#### SOURCE DATA
• • • • • • •
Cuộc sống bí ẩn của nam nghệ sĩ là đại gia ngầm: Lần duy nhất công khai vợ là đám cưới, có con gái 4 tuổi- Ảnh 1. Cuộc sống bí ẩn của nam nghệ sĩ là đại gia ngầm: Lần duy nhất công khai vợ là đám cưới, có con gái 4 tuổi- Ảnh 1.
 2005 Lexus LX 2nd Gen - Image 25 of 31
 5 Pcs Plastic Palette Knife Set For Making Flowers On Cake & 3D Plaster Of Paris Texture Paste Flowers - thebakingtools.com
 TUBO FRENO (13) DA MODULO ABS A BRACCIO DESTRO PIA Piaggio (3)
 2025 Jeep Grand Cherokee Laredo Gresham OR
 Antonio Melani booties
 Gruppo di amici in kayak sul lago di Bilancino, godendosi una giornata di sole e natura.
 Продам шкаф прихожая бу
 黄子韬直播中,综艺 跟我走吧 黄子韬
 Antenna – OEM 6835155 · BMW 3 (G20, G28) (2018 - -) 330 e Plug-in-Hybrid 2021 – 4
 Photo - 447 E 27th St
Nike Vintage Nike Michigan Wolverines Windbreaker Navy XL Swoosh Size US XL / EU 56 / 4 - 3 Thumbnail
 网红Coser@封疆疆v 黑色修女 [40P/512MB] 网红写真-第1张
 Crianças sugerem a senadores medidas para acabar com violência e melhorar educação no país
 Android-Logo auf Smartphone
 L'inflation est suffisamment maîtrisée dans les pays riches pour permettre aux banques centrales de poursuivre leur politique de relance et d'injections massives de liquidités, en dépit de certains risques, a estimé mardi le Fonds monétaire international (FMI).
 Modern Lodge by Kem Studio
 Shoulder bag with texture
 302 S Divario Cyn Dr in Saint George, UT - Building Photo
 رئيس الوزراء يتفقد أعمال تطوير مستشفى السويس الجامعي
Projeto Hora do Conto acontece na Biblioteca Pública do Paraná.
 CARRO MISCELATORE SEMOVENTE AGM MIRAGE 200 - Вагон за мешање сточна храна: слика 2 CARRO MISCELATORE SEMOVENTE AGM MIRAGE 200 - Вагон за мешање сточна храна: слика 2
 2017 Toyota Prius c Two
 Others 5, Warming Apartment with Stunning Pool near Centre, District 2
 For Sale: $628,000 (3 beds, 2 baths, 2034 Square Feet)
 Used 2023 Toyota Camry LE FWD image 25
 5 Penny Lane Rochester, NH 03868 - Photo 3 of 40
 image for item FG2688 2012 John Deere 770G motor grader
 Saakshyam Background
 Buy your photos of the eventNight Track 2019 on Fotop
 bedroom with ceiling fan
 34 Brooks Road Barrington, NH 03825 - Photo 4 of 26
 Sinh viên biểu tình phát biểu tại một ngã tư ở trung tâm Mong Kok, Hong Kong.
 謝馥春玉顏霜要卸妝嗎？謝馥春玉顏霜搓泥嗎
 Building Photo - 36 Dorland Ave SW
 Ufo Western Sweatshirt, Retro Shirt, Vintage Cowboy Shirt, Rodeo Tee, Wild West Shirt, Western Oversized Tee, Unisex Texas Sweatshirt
• • • • • • •
#### TASK REQUIREMENTS
The complete listing above is to be output again exactly.

#### YOUR SOLUTION
Cuộc sống bí ẩn của nam nghệ sĩ là đại gia ngầm: Lần duy nhất công khai vợ là đám cưới, có con gái 4 tuổi- Ảnh 1. Cuộc sống bí ẩn của nam nghệ sĩ là đại gia ngầm: Lần duy nhất công khai vợ là đám cưới, có con gái 4 tuổi- Ảnh 1.
 2005 Lexus LX 2nd Gen - Image 25 of 31
 5 Pcs Plastic Palette Knife Set For Making Flowers On Cake & 3D Plaster Of Paris Texture Paste Flowers - thebakingtools.com
 TUBO FRENO (13) DA MODULO ABS A BRACCIO DESTRO PIA Piaggio (3)
 2025 Jeep Grand Cherokee Laredo Gresham OR
 Antonio Melani booties
 Gruppo di amici in kayak sul lago di Bilancino, godendosi una giornata di sole e natura.
 Продам шкаф прихожая бу
 黄子韬直播中,综艺 跟我走吧 黄子韬
 Antenna – OEM 6835155 · BMW 3 (G20, G28) (2018 - -) 330 e Plug-in-Hybrid 2021 – 4
 Photo - 447 E 27th St
Nike Vintage Nike Michigan Wolverines Windbreaker Navy XL Swoosh Size US XL / EU 56 / 4 - 3 Thumbnail
 网红Coser@封疆疆v 黑色修女 [40P/512MB] 网红写真-第1张
 Crianças sugerem a senadores medidas para acabar com violência e melhorar educação no país
 Android-Logo auf Smartphone
 L'inflation est suffisamment maîtrisée dans les pays riches pour permettre aux banques centrales de poursuivre leur politique de relance et d'injections massives de liquidités, en dépit de certains risques, a estimé mardi le Fonds monétaire international (FMI).
 Modern Lodge by Kem Studio
 Shoulder bag with texture
 302 S Divario Cyn Dr in Saint George, UT - Building Photo
 رئيس الوزراء يتفقد أعمال تطوير مستشفى السويس الجامعي
Projeto Hora do Conto acontece na Biblioteca Pública do Paraná.
 CARRO MISCELATORE SEMOVENTE AGM MIRAGE 200 - Вагон за мешање сточна храна: слика 2 CARRO MISCELATORE SEMOVENTE AGM MIRAGE 200 - Вагон за мешање сточна храна: слика 2
 2017 Toyota Prius c Two
 Others 5, Warming Apartment with Stunning Pool near Centre, District 2
 For Sale: $628,000 (3 beds, 2 baths, 2034 Square Feet)
 Used 2023 Toyota Camry LE FWD image 25
 5 Penny Lane Rochester, NH 03868 - Photo 3 of 40
 image for item FG2688 2012 John Deere 770G motor grader
 Saakshyam Background
 Buy your photos of the eventNight Track 2019 on Fotop
 bedroom with ceiling fan
 34 Brooks Road Barrington, NH 03825 - Photo 4 of 26
 Sinh viên biểu tình phát biểu tại một ngã tư ở trung tâm Mong Kok, Hong Kong.
 謝馥春玉顏霜要卸妝嗎？謝馥春玉顏霜搓泥嗎
 Building Photo - 36 Dorland Ave SW
 Ufo Western Sweatshirt, Retro Shirt, Vintage Cowboy Shirt, Rodeo Tee, Wild West Shirt, Western Oversized Tee, Unisex Texas Sweatshirt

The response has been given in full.